The following morning I was up early, I had an earlier than usual plane to catch, I was a little concerned as I didn't feel 100% so unlike me I decided to skip breakfast and head off for a gentle stroll of about 20 minutes to the train station, it felt good to get some fresh air.  On arriving the direct train I had spotted on t'internet was delayed and nowhere near, so I was advised to get a train into Brighton where I had the chance of more trains to Gatwick.

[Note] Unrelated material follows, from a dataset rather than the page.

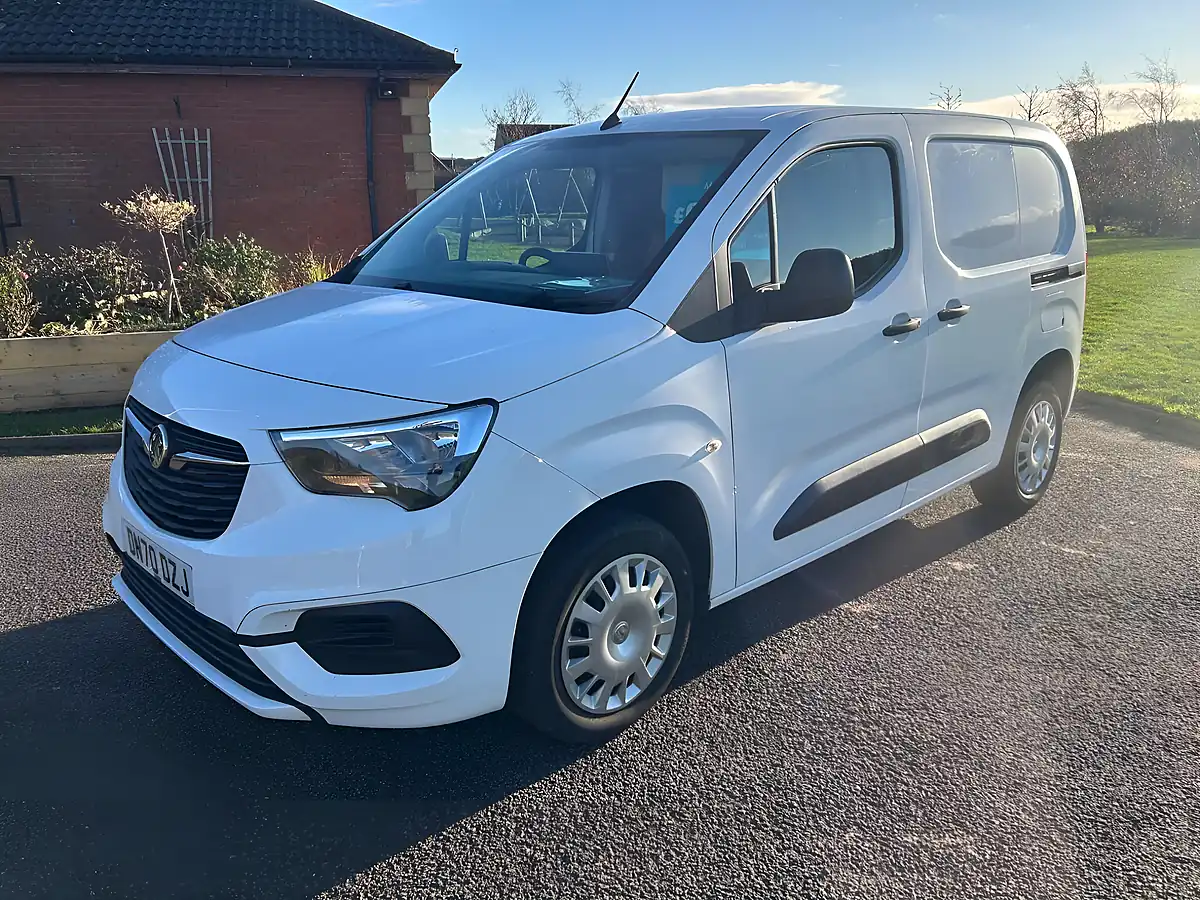 Used 2020 Vauxhall Combo Sportive White - Interior and Exterior details 3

The train was full of commuters doing their daily trip to work, and due to signal failures and delays plus cancellations of other trains, the one I had to get was heaving.  I managed to squeeze in with my  cabin luggage and wedged myself in the corner by the door.  The doors shut and we were off, it was a short journey of possibly not much more than 10 minutes.

As the journey began I started to feel extremely hot and uncomfortable.  I didn't have any room to take my coat off and there was definitely no where to sit apart from in the first class carriage  next to me. A few minutes later and I had that awful feeling that I was going to be sick.  What do you do in that situation as an adult? As a child you can get away with throwing up down your coat and everyone feels sorry for you, and even more so whoever has to clean you up, but I'm an adult, it wasn't an option!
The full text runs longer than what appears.